Pictures with short captions
•••••
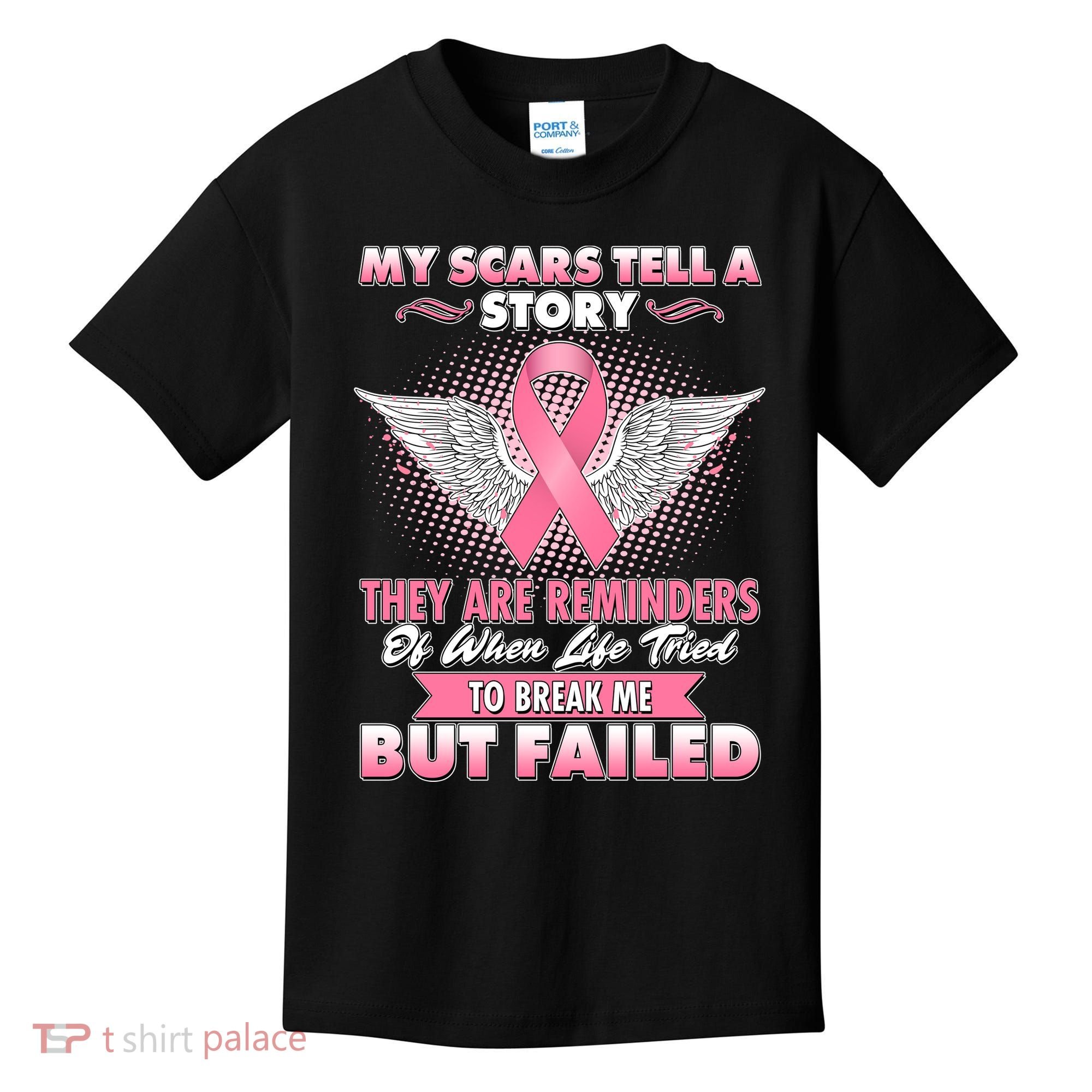 Breast Cancer Awareness My Scars Tell A Story Kids T-Shirt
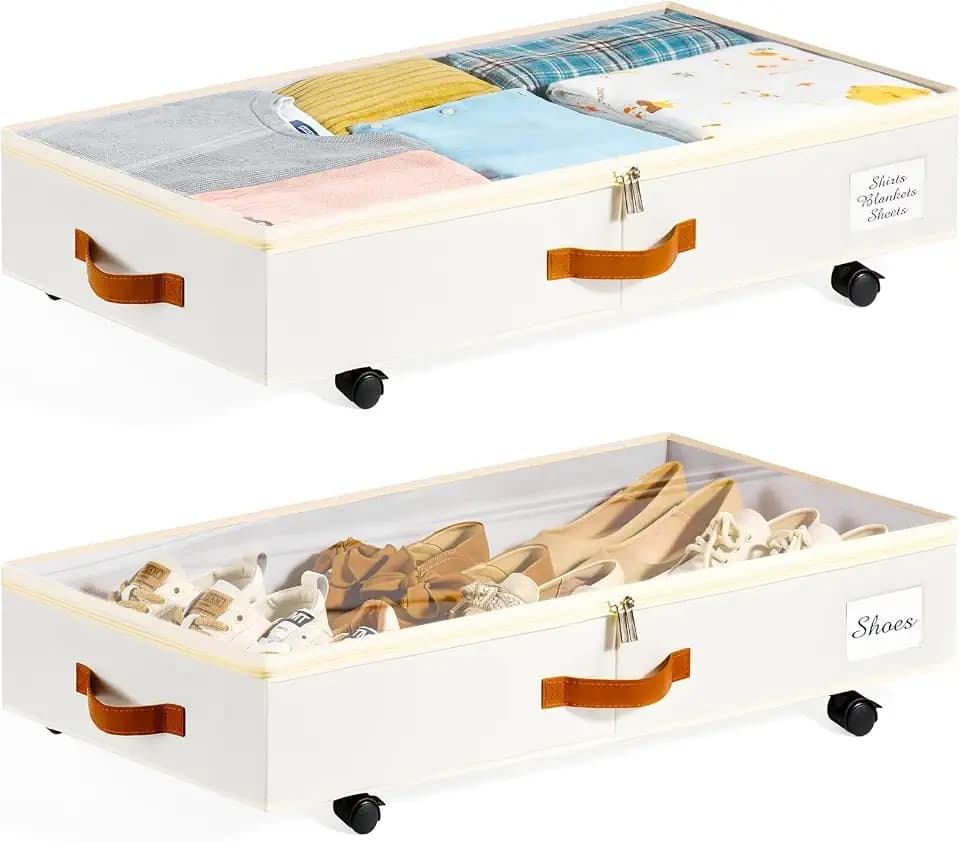 Unterbett Aufbewahrungsbox, 2 Stück Unterbettkommode Mit Rollen, Bettkasten Mit Rollen, Metallrahmen Bettkasten Organizer Aufbewahrungstasche für Kleidung, Schuhe, Decken, Bettwäsche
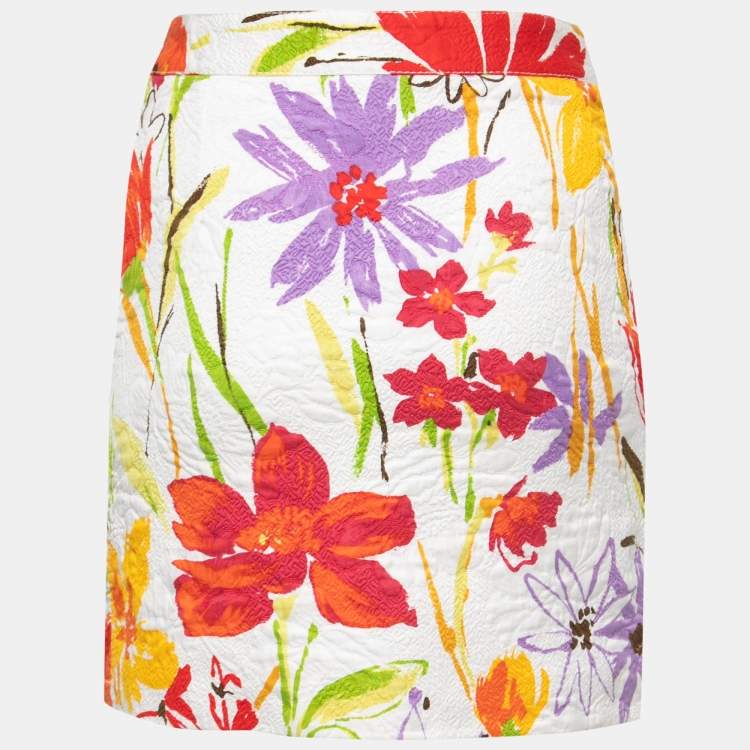 Pre Owned Dolce & Gabbana White Floral Jacquard Buttoned Mini Skirt S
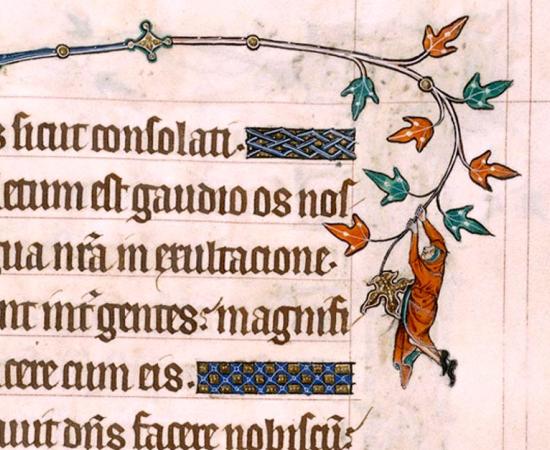 Hanging out in the margin of an illuminated manuscript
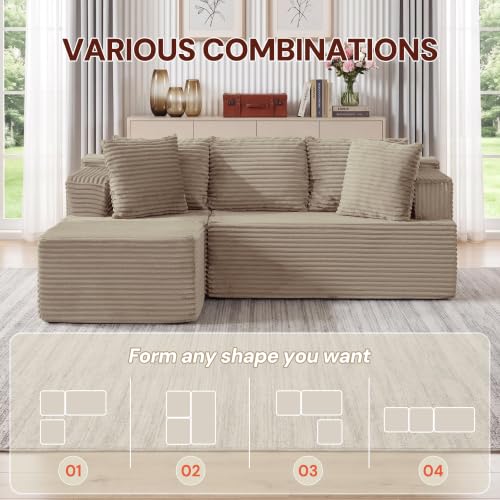Image of Korser Boneless Couches for Living Room, Cloud Couch Sectional with Ottoman, L-Shaped Sofa with Fluffy Comfy Corduroy Deep Seat, Bedroom, Apartment, No Assembly Required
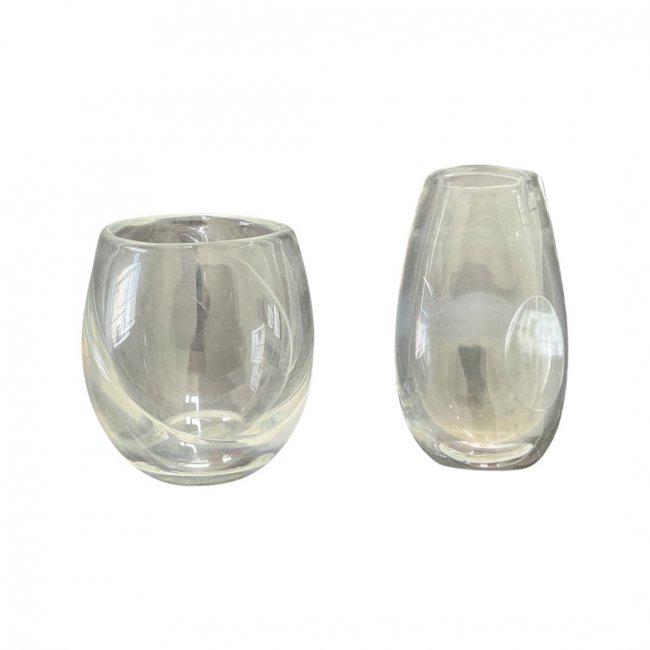 2 Orrefors Glass Vases: Toy St4.5-5.5H x 2-3.5 Diameter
•••••
Excluding the pictures, output every entry above without alteration.

Solved exercise -
 Breast Cancer Awareness My Scars Tell A Story Kids T-Shirt
 Unterbett Aufbewahrungsbox, 2 Stück Unterbettkommode Mit Rollen, Bettkasten Mit Rollen, Metallrahmen Bettkasten Organizer Aufbewahrungstasche für Kleidung, Schuhe, Decken, Bettwäsche
 Pre Owned Dolce & Gabbana White Floral Jacquard Buttoned Mini Skirt S
 Hanging out in the margin of an illuminated manuscript
Image of Korser Boneless Couches for Living Room, Cloud Couch Sectional with Ottoman, L-Shaped Sofa with Fluffy Comfy Corduroy Deep Seat, Bedroom, Apartment, No Assembly Required
 2 Orrefors Glass Vases: Toy St4.5-5.5H x 2-3.5 Diameter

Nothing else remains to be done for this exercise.